Report every line of the records below that includes the string "Abordagem".

● Information provided
+---+

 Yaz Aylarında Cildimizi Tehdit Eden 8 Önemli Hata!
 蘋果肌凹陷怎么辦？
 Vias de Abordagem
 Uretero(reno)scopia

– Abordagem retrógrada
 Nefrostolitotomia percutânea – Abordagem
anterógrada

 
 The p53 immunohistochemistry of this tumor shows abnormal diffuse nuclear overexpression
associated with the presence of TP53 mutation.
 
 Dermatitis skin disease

+---+

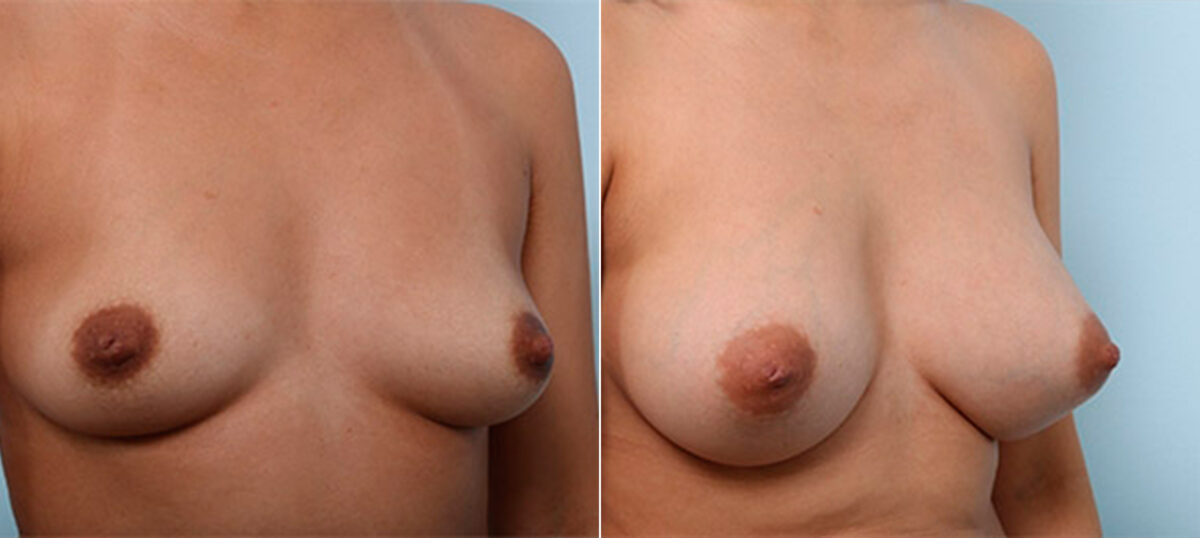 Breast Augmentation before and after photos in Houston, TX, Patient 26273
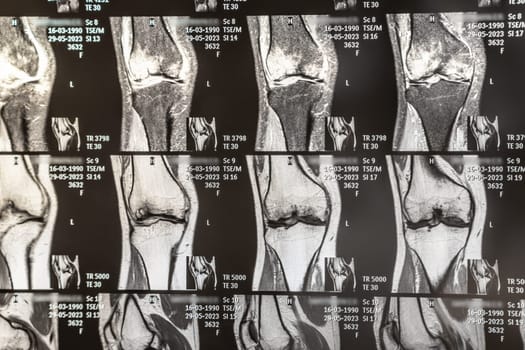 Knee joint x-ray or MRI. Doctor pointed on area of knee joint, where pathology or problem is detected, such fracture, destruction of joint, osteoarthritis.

+---+

● Completed task
 Vias de Abordagem
– Abordagem retrógrada
 Nefrostolitotomia percutânea – Abordagem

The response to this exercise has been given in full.